I won’t sit here and say that my graphics are perfect or that there aren’t any ways I can improve on them because:
That isn’t true
I don’t want it to be true
As I said, it’s a very rewarding feeling to look at the pretty end product you just created, but that isn’t where the true fun of data visualization is derived. The good stuff is the painstaking, incremental, frustrating, exhilarating process. And, without endless iteration, let’s face it, the graphics would suck.
A couple of weekends ago, I had the incredible opportunity to go to the inaugural American Soccer Insights Summit in Houston, Texas, and present on stage as part of a research competition. Seven groups (including my own) were given some SkillCorner data, a month to complete a project, and then less than ten minutes to present the findings at the summit. In retrospect, the presentation was probably harder than the project — how do you fit all that information into such a tiny window?
Well, if you’re me, you find the SkillCorner presentation font, download the file, load it into matplotlib, find the hex code for the signature SkillCorner green, and cook up some visualizations.

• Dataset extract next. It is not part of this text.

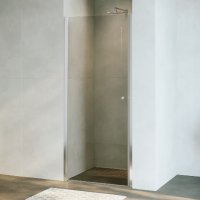 Душевая дверь Dolphin TN-03 900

About a minute after I walked off stage and took my seat,
started talking, and everyone — including myself — forgot all about wingers and wingbacks. His speech, titled “Numbers Talk — Now Make Them Tell a Story,” is probably a much better articulation of many of the above thoughts than I could possibly write. Overall, one sentiment stuck with me: at the end of the day, you can’t let data drive the narrative. Every creator, whether analyst or scientist or writer, must use the data as a tool, not the other way around.3Ultimately, if you spend enough time building a good graphic, you become, in a sense, a storyteller. When I got up on stage in Houston, it didn’t matter whether I’d run six XGBoost models or plugged some numbers into an abacus; all anyone cared about was how I presented it. It’s the exact same principle for data visualization — you have to display the data well.
At a certain point, we all must ask ourselves: “Is this really worth it?” You may believe that spending an extra hour, or two hours, or ten hours on something just so that it looks good isn’t worth it.4 That’s okay. You have to ask yourself the following questions, though:
“Why do people want to look at data visualizations?”
“How do you tell a good story in a graphic?”
The answer to both is beauty.
Sometimes, I sound like I’m performing a really elaborate satire of the “creating shareholder value” character, but I promise that’s not what this is. I kind of wish it was, to be honest.
I don’t have data to back this up (*gasp*); this is just based on my own experience. I’d also add that the general level of annoyance and immediate revulsion is usually much higher for AI-generated “art.” I’m a hater; sue me.
I’m referring specifically to Data Scientists, Analysts, and Writers in this sentence. I am not arguing that scientific fields should treat data as a tool rather than a driver. Also, I would love to hear alternate opinions on this if anyone feels strongly against this viewpoint.
I will admit that I’m still too easily wrapped up in things that are largely inconsequential (trying to build a custom loading bar that would appear on screen for all of five seconds, for example), but for every rabbit hole that goes nowhere, there are three that add real value to whatever I’m working on.
Fellow data geek here, but oh boy am I in the minor leagues! Can't wait to see what's next on this journey.